Dutch custom prevents me from recommending my own recent paper in any case, so I had to recommend one paper from the time frame 2015-2020 that you probably have not read yet, I'd recommend 'Reward tampering problems and solutions in reinforcement learning: A causal influence diagram perspective'. This stands out as an overview of different approaches, and I think you can get a good feeling of the state of the field out of it even if you do not try to decode all the math.
Note that there are definitely some worthwhile corrigibility related topics that are discussed only/mainly in blog posts and in LW comment threads, but not in any of the papers I mention above or in my mid-2019 related work section. For example, there is the open question whether Christiano's Iterated Amplification approach will produce a kind of corrigibility as an emergent property of the system, and if so what kind, and is this the kind we want, etc. I have not seen any discussion of this in the 'formal literature', if we define the formal literature as conference/arxiv papers, but there is a lot of discussion of this in blog posts and comment threads.Replies from: algon33
↑ comment by algon33 ·
2020-08-20T16:34:36.823Z · LW(p) · GW(p)
Dutch custom prevents me from recommending my own recent paper in any case
This phrase and its implications are perfect examples of problems in corrigibility. Was that intentional? If so, bravo. Your paper looks interesting, but I think I'll read the blog post first. I want a break from reading heavy papers. I wonder if the researchers would be OK with my drawing on their blog posts in the review. Would you mind?

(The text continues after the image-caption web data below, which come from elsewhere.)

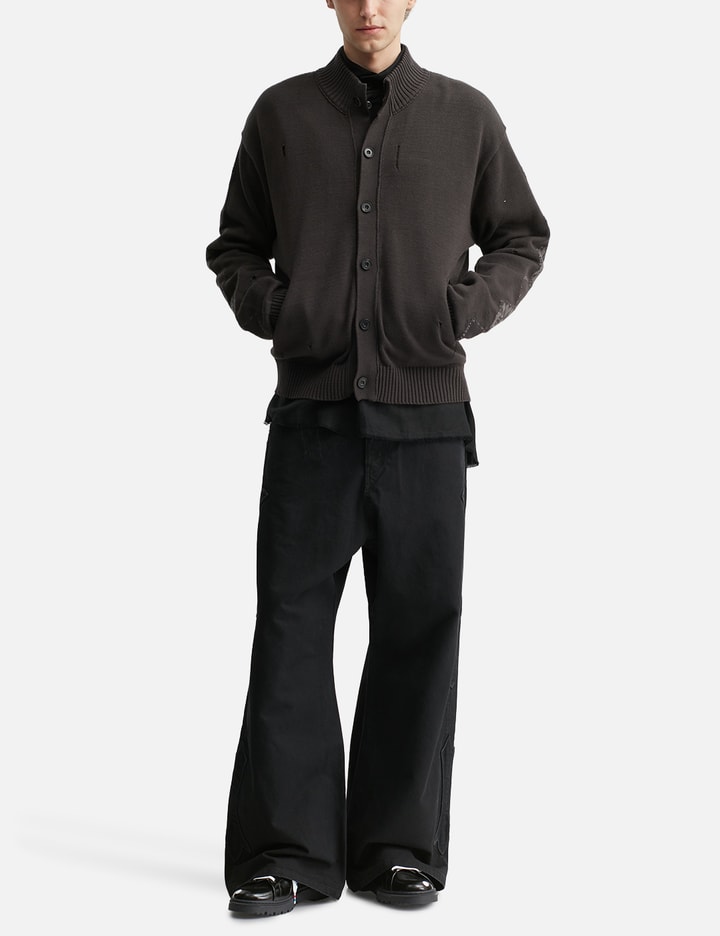 Button Up Cardigan Ethnic Sleeves Placeholder Image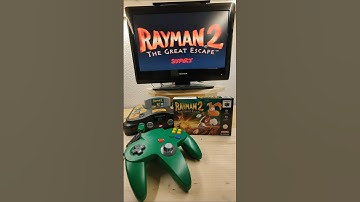 RAYMAN 2 THE GREAT ESCAPE #rayman2 #nintendo #n64 #nintendo64 #urbisoft #rayman
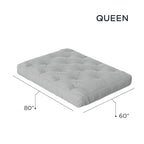 Matelas futon à 10 ressorts ensachés. Matelas seul. Sommier non inclus.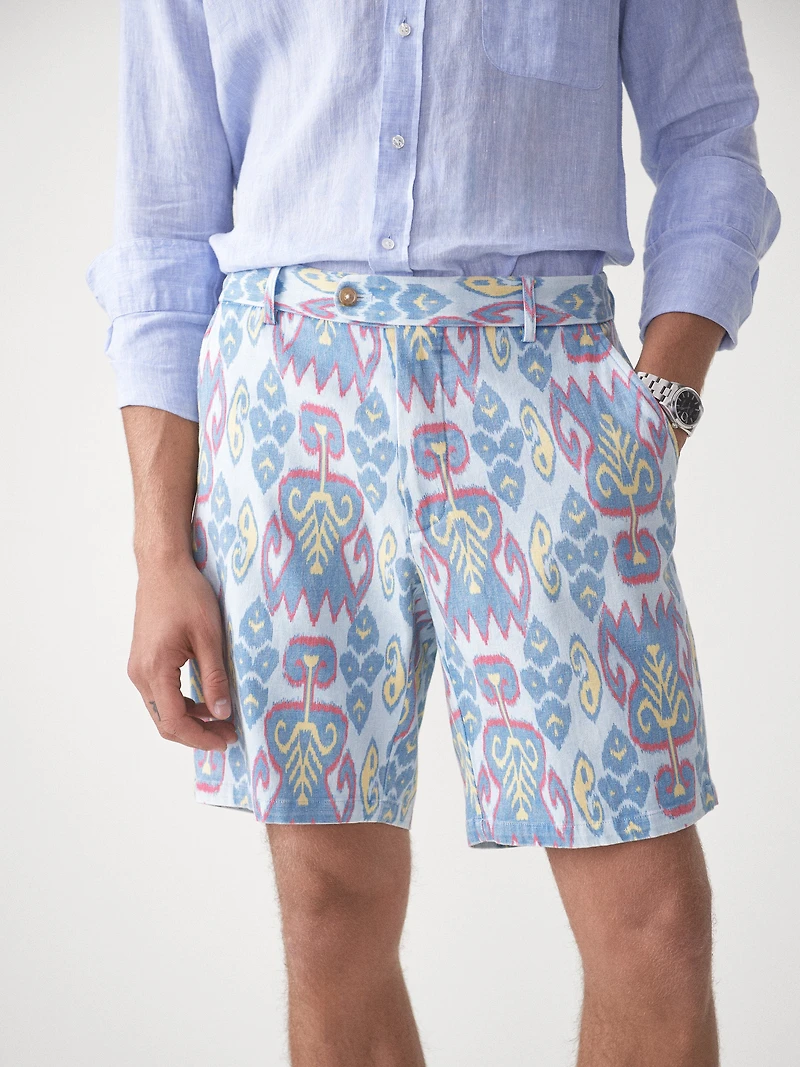 Oliver 9" Shorts Royal Ikat Groove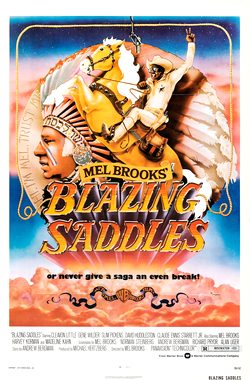 Blazing Saddles poster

Thanks for recommending "Reward tampering", it is much appreciated. I'll get on it after synthesising what I've read so far. Otherwise, I don't think I'll learn much.Replies from: Koen.Holtman
↑ comment by Koen.Holtman ·
2020-08-20T16:50:41.002Z · LW(p) · GW(p)
Nope, not intentional.
You should feel free to write a literature overview that cites or draws heavily on paper-announcement blog posts. I definitely won't mind. In general, the blog posts tend to use language that is less mathematical and more targeted at a non-specialist audience. So if you aim to write a literature overview that is as readable as possible for a general audience, then drawing on phrases from the author's blog posts describing the papers (when such posts are available) may be your best bet.